Jonah didn’t respond.
“What do you think?” the doctor said. “So you can feel better? And things can maybe go back to normal?”
“I told you, I feel fine,” Jonah said.
“Yes, good! But sometimes when we’re sick we think we’re not. That can be a symptom of being sick—to think we are well.”
“So all the healthy people are just lying to themselves?”
“Well, no, of course not,” the doctor said.
“Right now I never think about hurting myself, but you want to give me a medicine that might make me think about hurting myself?”
The doctor seemed uneasy.
“It’s called suicidal ideation,” Jonah said.
“And how do you know about that?” the doctor asked.
“The Internet.”
The adults all looked at one another.
“How come people are so surprised when someone knows something?” Jonah asked. “Your generation had better get used to how completely unspecial it is that a kid can look up a medicine online and learn about the side effects. That’s not me being precocious. It’s just me using my stupid computer.”
“Okay, good. Well, you’re right, you should be informed, and I want to congratulate you on finding that out for yourself. That’s great work, Jonah.”
Martin watched Jonah. He found himself hoping that the real Jonah would appear, scathing and cold, to show the doctor what they were dealing with.
“Thank you,” Jonah said. “I’m really proud of myself. I didn’t think I could do it, but I just really stuck with it and I kept trying until I succeeded.”
Martin could not tell if the doctor caught the tone of this response.
“But you might have also read that that’s a very uncommon symptom. It hardly ever happens. We just have to
warn you and your parents about it, to be on the lookout for it.”
“Maybe. But I have none of the symptoms of depression, either. So why would you risk making me feel like I want to kill myself if I’m not depressed and feel fine?”
“Okay, Jonah. You know what? I’m going to talk to your parents alone now. Does that sound all right? You can wait outside in the play area. There are books and games.”
“Okay,” Jonah said. “I’ll just run and play now.”

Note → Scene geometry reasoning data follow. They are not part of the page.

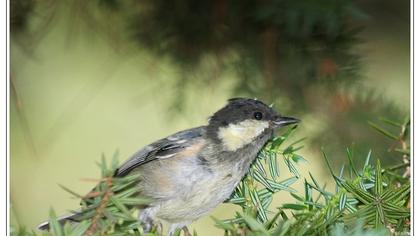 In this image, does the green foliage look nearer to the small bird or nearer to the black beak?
the small bird

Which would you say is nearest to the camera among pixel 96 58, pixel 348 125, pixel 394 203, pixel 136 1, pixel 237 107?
pixel 394 203

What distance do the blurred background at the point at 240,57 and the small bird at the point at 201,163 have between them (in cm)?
10

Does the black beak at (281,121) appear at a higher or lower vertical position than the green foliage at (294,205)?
higher

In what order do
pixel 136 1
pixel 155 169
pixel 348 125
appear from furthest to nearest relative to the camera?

“There,” Martin said. “There,” after Jonah had closed the door. “That was it. That’s what he does.”
“Sarcasm? Maybe you don’t much like it, but we don’t treat sarcasm in young people. I think it’s too virulent a strain.” The doctor chuckled.
“No offense,” Martin said to the doctor, “and I’m sure you know your job and this is your specialty, but I think that way of speaking to him—”
“What way?”
“Just, you know, as if he were much younger. He’s just—I don’t think that works with him.”
“And how do you speak to him?”
“Excuse me?”
“How do you speak to him? I’m curious.”
Rachel coughed and seemed uncomfortable. They’d agreed to be open, to let each other have ideas and opinions without feeling mad or threatened.
“It’s true,” she said. “I mean, Martin, I think you have been surprised lately that Jonah is as mature as he is. That seems to have really almost upset you. You know, you really have yelled at him a lot. We can’t just pretend that hasn’t happened.” She looked at him apologetically. “Aside,” she added, “from the scary things that he’s been saying.”
“Is it maturity? I don’t think so. Have I been upset? Fucking hell, yes. And so have you, Rachel. And not because he thinks the Jews caused 9/11 or because he threatened to report us for sexual abuse for trying to hug him, which, for what it’s worth, I spared you from, Rachel. I spared you. Because I didn’t think you could bear it.”